Who Really Wanted the Horses Gone from Beatys Butte, Oregon HMA?

GINGER KATHRENS' ASSESSMENT OF BEATYS BUTTE WORKING GROUP:
OUR VOICES FELL ON DEAF EARS

In the summer of 2014, The Cloud Foundation was asked to participate in the Beatys Butte Working Group. The purpose of the group was to discuss and come up with management directives for the 437,000 acre high desert lands in southeastern Oregon, near the small town of Lakeview. Interested parties present represented the Beatys Butte Grazing Association, the Oregon Natural Desert Association, the Bureau of Land Management, US Fish and Wildlife Service, local elected officials, Wild Horse Advocates, and other “stakeholders.”

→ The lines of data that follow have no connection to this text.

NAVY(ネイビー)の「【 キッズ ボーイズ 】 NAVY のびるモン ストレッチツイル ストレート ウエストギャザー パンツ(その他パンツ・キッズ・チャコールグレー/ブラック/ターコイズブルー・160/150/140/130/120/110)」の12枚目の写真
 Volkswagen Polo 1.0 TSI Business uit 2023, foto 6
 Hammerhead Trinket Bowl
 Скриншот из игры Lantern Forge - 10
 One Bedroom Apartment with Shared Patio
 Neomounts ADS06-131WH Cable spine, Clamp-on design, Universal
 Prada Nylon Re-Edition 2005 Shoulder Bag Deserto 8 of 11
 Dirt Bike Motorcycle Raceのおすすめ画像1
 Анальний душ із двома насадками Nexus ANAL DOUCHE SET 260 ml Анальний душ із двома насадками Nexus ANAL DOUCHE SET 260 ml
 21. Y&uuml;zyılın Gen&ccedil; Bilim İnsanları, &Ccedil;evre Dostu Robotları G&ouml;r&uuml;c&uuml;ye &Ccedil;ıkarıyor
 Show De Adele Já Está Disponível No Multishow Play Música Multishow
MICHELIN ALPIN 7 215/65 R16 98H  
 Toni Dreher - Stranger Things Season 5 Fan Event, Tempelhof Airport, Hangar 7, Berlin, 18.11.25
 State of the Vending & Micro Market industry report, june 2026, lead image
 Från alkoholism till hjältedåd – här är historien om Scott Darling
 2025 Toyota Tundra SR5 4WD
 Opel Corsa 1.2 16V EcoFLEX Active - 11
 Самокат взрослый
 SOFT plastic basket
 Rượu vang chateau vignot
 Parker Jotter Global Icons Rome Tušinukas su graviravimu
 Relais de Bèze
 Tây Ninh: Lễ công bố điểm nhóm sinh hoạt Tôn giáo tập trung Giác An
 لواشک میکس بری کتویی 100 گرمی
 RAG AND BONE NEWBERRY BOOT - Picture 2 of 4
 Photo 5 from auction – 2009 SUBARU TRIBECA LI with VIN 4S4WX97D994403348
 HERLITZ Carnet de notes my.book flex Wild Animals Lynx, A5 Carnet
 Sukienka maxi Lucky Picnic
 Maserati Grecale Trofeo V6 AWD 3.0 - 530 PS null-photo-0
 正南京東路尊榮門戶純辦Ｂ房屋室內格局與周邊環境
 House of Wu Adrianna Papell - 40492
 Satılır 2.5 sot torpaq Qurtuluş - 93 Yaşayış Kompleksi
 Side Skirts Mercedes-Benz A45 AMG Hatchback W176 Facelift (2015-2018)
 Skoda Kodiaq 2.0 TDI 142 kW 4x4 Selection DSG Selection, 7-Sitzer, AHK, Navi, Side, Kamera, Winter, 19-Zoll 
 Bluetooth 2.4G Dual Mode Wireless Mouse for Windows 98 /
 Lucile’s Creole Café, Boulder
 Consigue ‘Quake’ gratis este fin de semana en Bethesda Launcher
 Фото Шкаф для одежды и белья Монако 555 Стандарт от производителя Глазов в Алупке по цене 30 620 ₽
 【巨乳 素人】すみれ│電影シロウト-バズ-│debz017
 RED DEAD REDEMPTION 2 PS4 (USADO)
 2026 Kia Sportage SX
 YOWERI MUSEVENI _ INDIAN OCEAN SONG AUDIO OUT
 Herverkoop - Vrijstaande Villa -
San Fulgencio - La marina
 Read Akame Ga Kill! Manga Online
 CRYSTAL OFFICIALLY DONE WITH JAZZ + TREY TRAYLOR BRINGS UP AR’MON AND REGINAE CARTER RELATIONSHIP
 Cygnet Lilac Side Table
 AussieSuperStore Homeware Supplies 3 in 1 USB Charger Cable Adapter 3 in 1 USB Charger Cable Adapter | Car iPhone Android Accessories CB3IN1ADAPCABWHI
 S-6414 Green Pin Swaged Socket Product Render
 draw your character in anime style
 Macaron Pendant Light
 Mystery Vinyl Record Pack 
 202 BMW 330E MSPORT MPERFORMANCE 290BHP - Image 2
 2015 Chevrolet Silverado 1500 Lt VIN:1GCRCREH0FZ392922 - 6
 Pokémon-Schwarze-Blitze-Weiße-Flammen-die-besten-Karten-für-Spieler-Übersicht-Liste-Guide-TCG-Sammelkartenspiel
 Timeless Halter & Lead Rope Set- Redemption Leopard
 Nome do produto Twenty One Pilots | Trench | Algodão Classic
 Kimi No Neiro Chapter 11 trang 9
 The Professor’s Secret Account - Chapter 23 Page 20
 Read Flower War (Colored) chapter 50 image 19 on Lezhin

The idea was to try to come up with a plan that would be acceptable to all, including the wild horse advocates. In the end, it became apparent that USFWS, local officials, and the BLM really had no intention of coming to any compromise positions that involved a fair share for the wild horses. Nor did they seem committed to on the range management that included reversible fertility control.

It was my impression that the livestock people did not want to see the wild horse herd brought to the unviable population level of 100 which is the BLM’s “appropriate” but wholly inappropriate population minimum. Others like the USFWS’ would like to see wild horses eradicated from the landscape. The local Officials were, at one point, openly hostile to me personally. The Oregon Natural Desert Assoc. representative was always polite but, in my opinion, not really interested in a landscape that included wild horses.

The group was unsuccessful from my perspective. We tried as advocates to speak for the horses but our proposals fell on deaf ears.